I am working on an antenna and ATMEGA-based reader. It is powered off of 2 6v deep-cycle marine batteries, and the reader/antenna draws 1 amp at 6 volts. I'm not sure about the amp-hours in the batteries, but they can power the board easily for a week or two. we know this because we need to swap out the batteries with charged ones on the systems that have not been converted to solar. As it is an annoyance to keep hauling out charged batteries, we are trying to convert the rest of the systems to solar. I'm trying to find out the length of cable with which the board will still be getting enough juice from the panel.
Here's a link to the panel and charge controller.
This charges the batteries – the charging circuit has already been figured out for me. The max output of the panel is 5 amps at 17.2 volts. Using this calculator, I have been trying to find out the voltage drop.
-
do I have to account for both + and – leads? For example, if my solar panel is 100' away from my charge controller, do I have to account for 200' of voltage drop?
-
Does only voltage drop(not current)? do you subtract the voltage drop from the original voltage, and assume the original current?
-
What is the longest length of wire that you would trust to run the system, considering that the antenna draws 1 amp at 6 volts, the panel can output 5 amps at 17.2 volts maximum, and the cable is 14AWG stranded copper wiring?
Best Answer
Your answers:
Yes, the current flows through both lengths of cable so you have to account for both.
Only voltage drops. Current is drawn through.
Basically I wouldn't go longer than a drop that would take it below the charge threshold of the batteries / charge circuit.

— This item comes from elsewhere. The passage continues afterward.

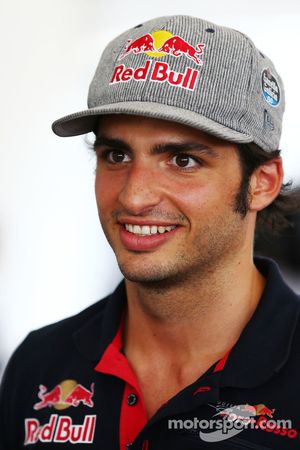 Карлос Сайнс мл., Scuderia Toro Rosso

Basic ohms law is your friend:
For 1 amp of draw:
14AWG has a resistance of 2.525mΩ/ft
So 200' has a resistance of 0.002525 * 200 = 0.505Ω
V=IR
Therefore V=1 × 0.505
Which equals 0.505V
For the full 5 amps of draw:
V=5 × 0.505
= 2.525V
Which is obviously quite a drop.
This table has a nice list of the resistances of different cables. As you can see increasing the cross-sectional area (decreasing the AWG) decreases the resistance. Even just going from 14 to 12 AWG has a big difference (1.588mΩ/ft as opposed to 2.525mΩ/ft), and fatter cables are even better.